Oksana Lyniv beweist mit dem "Fliegenden Holländer" nun schon im dritten Jahr, dass dirigierende Frauen auf Bayreuth berechtigte Ansprüche anmelden dürfen. Sie geht die Leitung der Aufführung mittlerweile deutlich gelöster an. Frühere Spuren der Anspannung, vielleicht auch der Kontrollverlustangst, sind verflogen. Es ist erstaunlich, wie sie Georg Zeppenfeld als Daland stimmlich zum Tanzen bringt. Sein Bassbariton, als Gurnemanz im "Parsifal" gütig, weise und bedächtig, hüpft nun mit leichtfüßigem Geschäftseifer eines gewinnbegierigen Heiratsvermittlers durch die Noten. Zeppenfeld gewinnt der Beflissenheit eine komödiantische Note ab.

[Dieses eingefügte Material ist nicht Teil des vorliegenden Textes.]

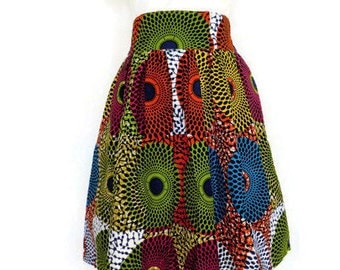 African Print Skirt With Pockets - Maxi Skirt - Skirt with Pocket - African Print Knee Level Skirt - Ready to Ship Skirt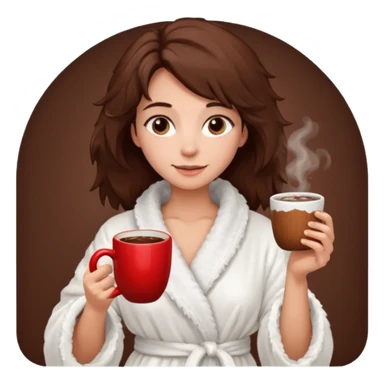 {
      "type": "human",
      "look": "fluffy robe woman, messy hair, holding cup of cocoa",
      "description": "a woman in a fluffy robe with messy hair, holding a cup of cocoa"
    } sticker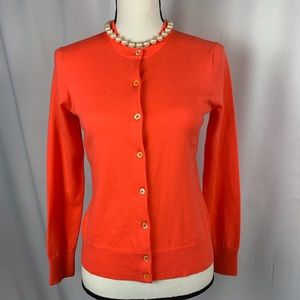 Bright coral J. Crew Jackie cardigan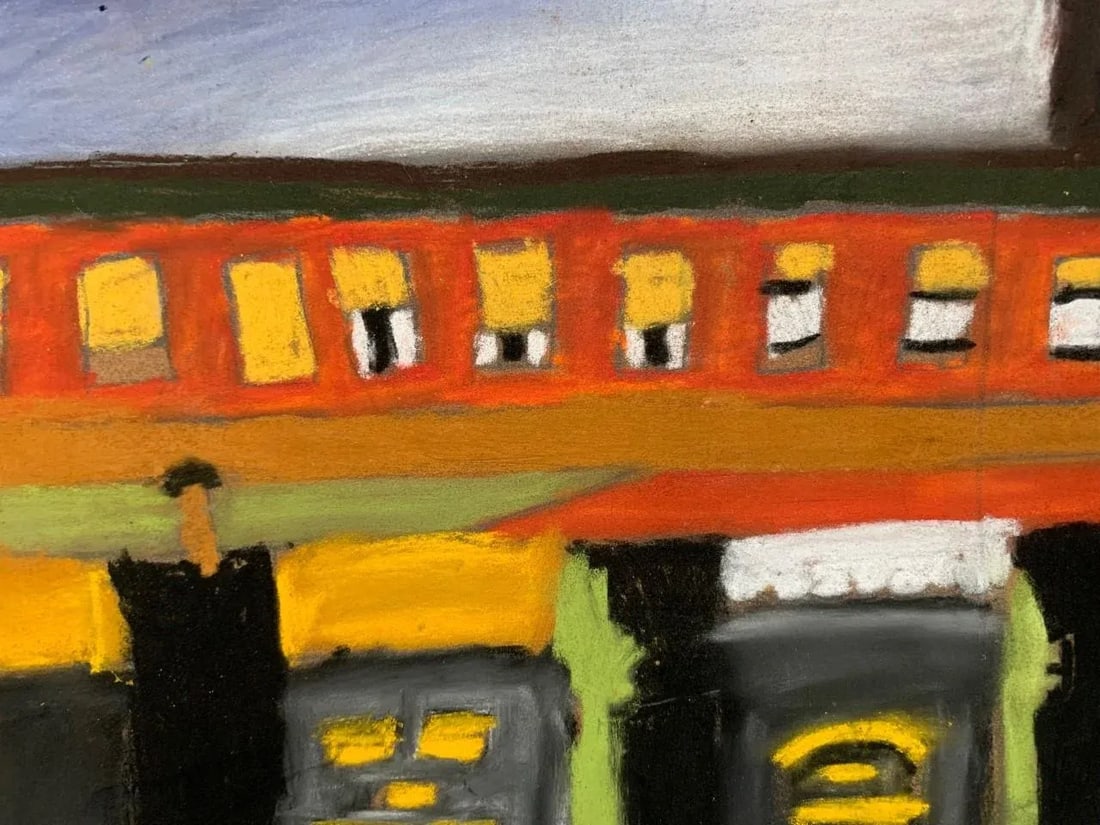 Vintage Abstract City Scene Pastel Drawing - 6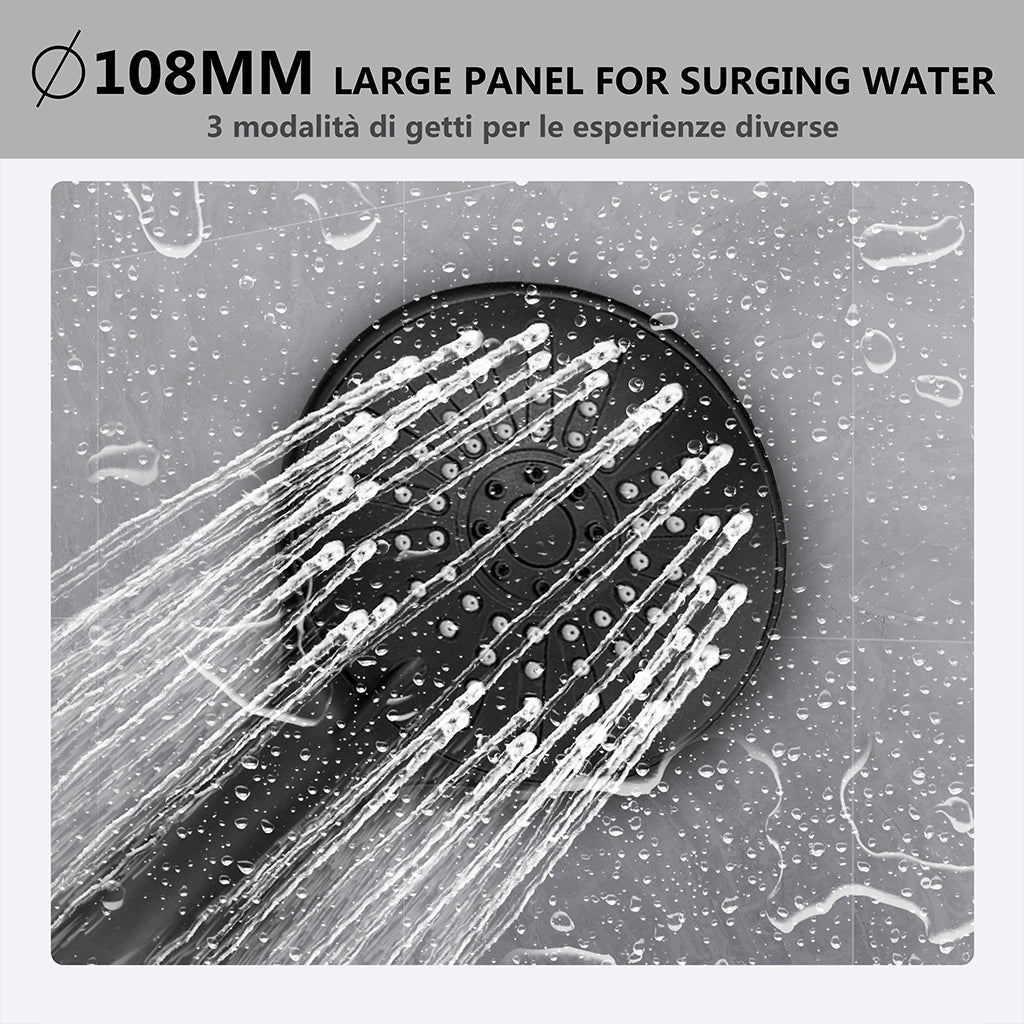 Kit doccia con miscelatore termostatico, soffione quadrato 20x20cm, doccetta tonda 23x10.8cm, colonna doccia regolabile 75-125cm, nero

Tomislav Muzek als Erik hat dramatisches Feuer, dem er freilich überhaupt nichts an Textverständlichkeit opfert. Michael Volle ist aufgrund seiner Physis ein offensiver, robuster Holländer, anders als John Lundgren vor zwei Jahren, der in diesem Küstenstadt-Thriller des Regisseurs Dmitri Tcherniakov durch seine geheimnisvolle Zurückhaltung eisig und unheimlich wirkte. Volle ist direkt, Zurückhaltung fällt ihm schwer, aber sein finaler Ausbruch in gemeißelter Diktion und brausender Stimmfülle ist eindrucksvoll - bis ihm die überaus präzise Nadine Weissmann als Mary beherzt ein Ende macht.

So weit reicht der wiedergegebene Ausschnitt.